The Stamp Tax threatened to put them all out of business by making paper so expensive that consumers could no longer afford to buy newspapers, and pamphleteers could no longer afford to print and distribute their ideas. The Stamp Tax was, in short, a tax aimed at curtailing political speech. It was a means to an end, a move that struck directly at the new philosophy and language of individual rights that had developed in the colonies over the past 100 years. The colonists didn't hate the tax simply because it was a tax. They hated this tax because it threatened their rights, rights they now believed had been given to them by God.

And for the postmasters and printshop owners it was actaully even worse. In most cities and towns, post offices and print shops had become important centers in their community. They were places people went to share information, a function that made their owners among the most important people in the town. For them, this tax didn't just threaten their rights and their livelihood, it threatened the entire basis of their social status as well.

But what about all that rhetoric of "taxation without representation?" Surely that demonstrates it was all about taxes, right? Again, no. That slogan really was just that: a slogan. Recognizing that they had been handed a PR coup, the opponents to British rule used their newfound alliance with editors and publishers to launch a new argument for resistance (and eventually revolt). But note the language here. It wasn't "no new taxes." It was "no taxation without representation." It was about political rights, not fiscal policy. Taxes were just one of the hooks they used to grab people's attention. It was the style of the argument, not its substance.
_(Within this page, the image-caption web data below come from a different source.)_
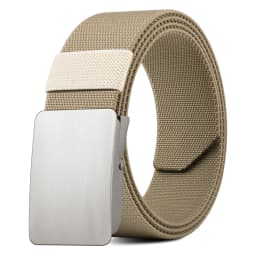 Youth Unisex Elastic Belt with Loosening, Breathable Woven Design, No-Drill Denim Pants Belt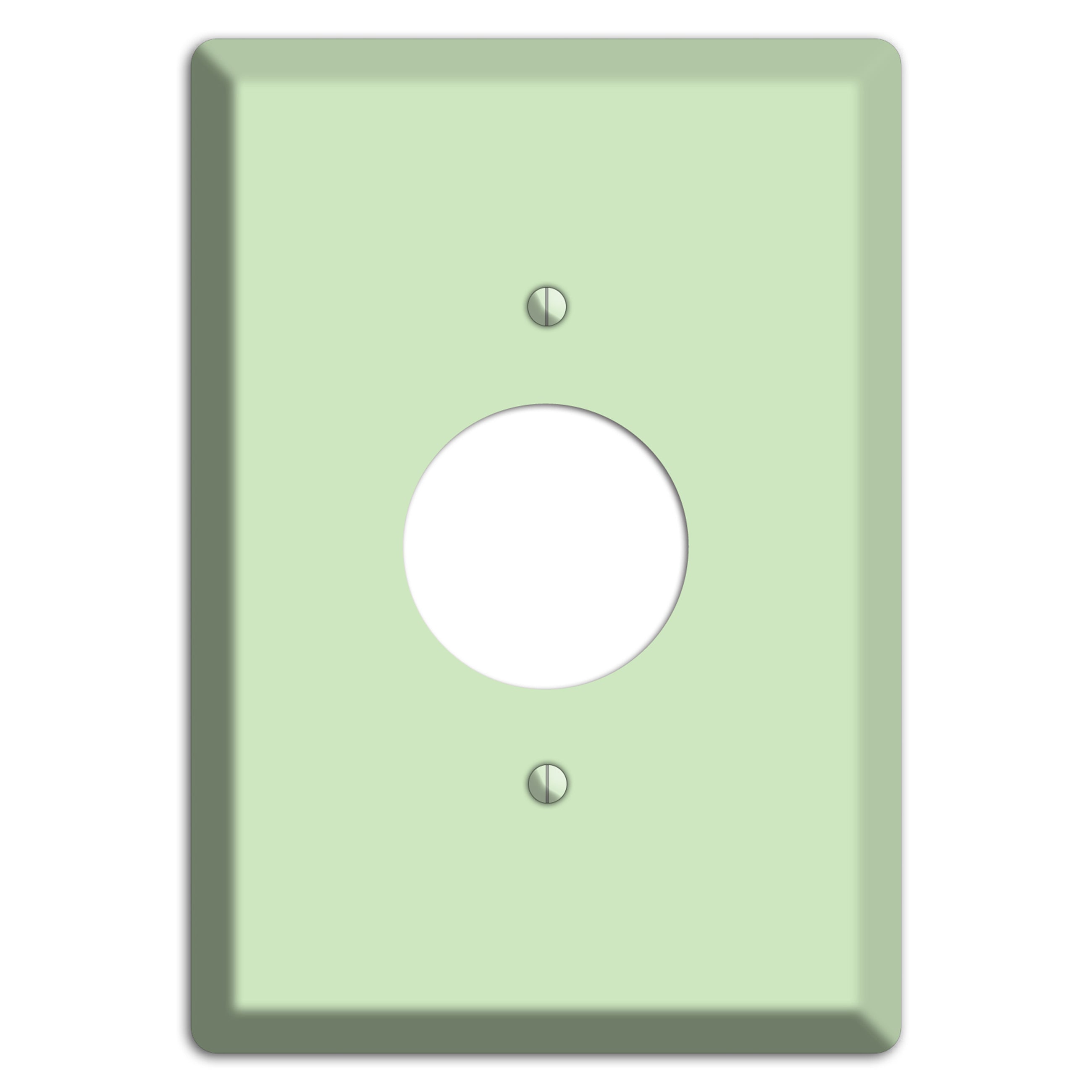 Baxter Mint Single Receptacle Wallplate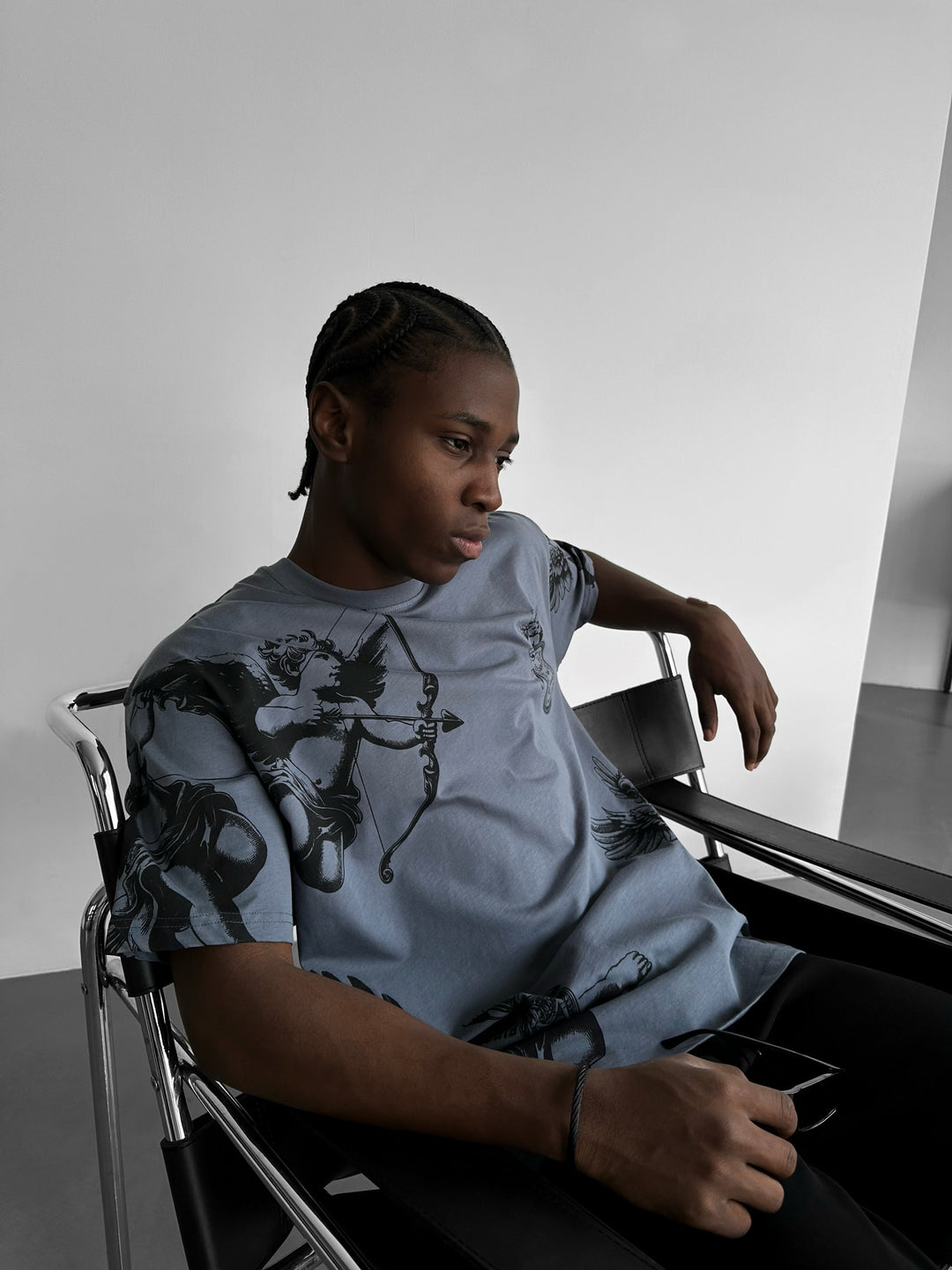 Oversize Guardian Angels T-Shirt - Stormy Weather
Consider as another example the Tea Tax. I don't care what your high school history book told you, that wasn't actually about taxes either. Like that Stamp Tax, it was a means to another end, but in this case, an economic one. The British were hoping to use the tax to interfere with colonial commerce, so they implemented it in a way that favored pro-British merchants over everyone else. This infuriated the colonists, but believe it or not most decided it was something they had no choice but to accept. In Boston, however, a small group of men had a different idea, and thus the Boston Tea Party Was born.

But notice what happened next: Most of the colonists, including those leading the movement against the British, were appalled by the attacks, and if memory serves, some - including Ben Franklin - offered to pay for the damage out of their own pockets. If the revolution had been about taxes the Tea Party would have been welcomed, but it almost uniformly was not.

So why do we remember what came next as an anti-tax revolt? Because thanks to an over-reaciton of world historic proportions by the British, a revolt was what came next. .

After news of the attacks reached England, Parliament responded with what became known in the colonies as The Intolerable Acts. The Acts were many things, but there is one thing they most certainly were not: taxes. There was the forced quartering of soldiers, the expansion of Quebec, the rigging of the judicial system even further against the colonists, the takeover of state and local governments in Massachusetts by royal governors - all actions that would become central to the revolution, the constitution, and the Bill of Rights - but no taxes. None.

So on a surface level I suppose you can in fact argue that the colonists revolted "over" taxes, but that argument is deeply misleading, and deliberately so. Today its McMegan, but tomorrow it will be someone else. Any time a conservative or libertarian wants to rail on about taxes, they trot out this myth out as evidence. "We're a tax hating nation, always have been, always will be. The revolution proves it!" The problem is that it actually does no such thing.

The colonists weren't opposed to taxes. They were fighting for rights, not against taxes. That the Boston Tea Party led to a revolution is a historical accident, and nothing more. Had it not been that it likely would have been something else, and there is certainly no guarantee that something would have been taxes. Because taxes weren't central to what the rebels were about. Not even close.

If you are going to use history to make your case, you need to look past slogans to find the deeper, more fundamental truths.